● **Records shown**:
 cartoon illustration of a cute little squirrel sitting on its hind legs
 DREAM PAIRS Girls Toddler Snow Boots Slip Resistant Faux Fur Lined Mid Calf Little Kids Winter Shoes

...

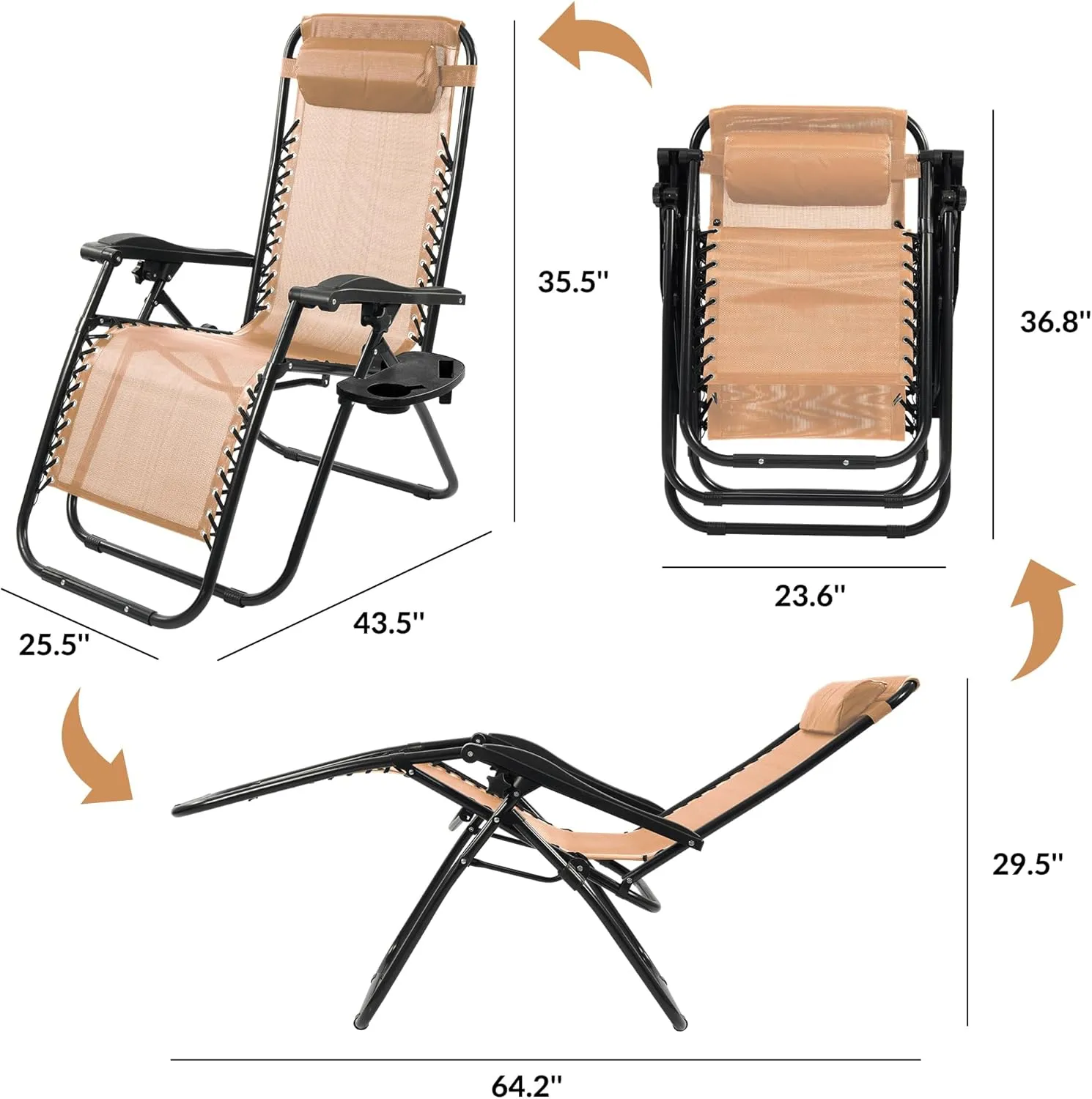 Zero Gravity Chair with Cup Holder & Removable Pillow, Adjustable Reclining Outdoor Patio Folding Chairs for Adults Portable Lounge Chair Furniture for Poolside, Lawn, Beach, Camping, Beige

● **Exercise instructions**: Here the output must be the lines above from the line with "cartoon illustration of" to the line with "DREAM PAIRS Girls", both included, duplicated word for word and nothing else.

● **Answer section**:
 cartoon illustration of a cute little squirrel sitting on its hind legs
 DREAM PAIRS Girls Toddler Snow Boots Slip Resistant Faux Fur Lined Mid Calf Little Kids Winter Shoes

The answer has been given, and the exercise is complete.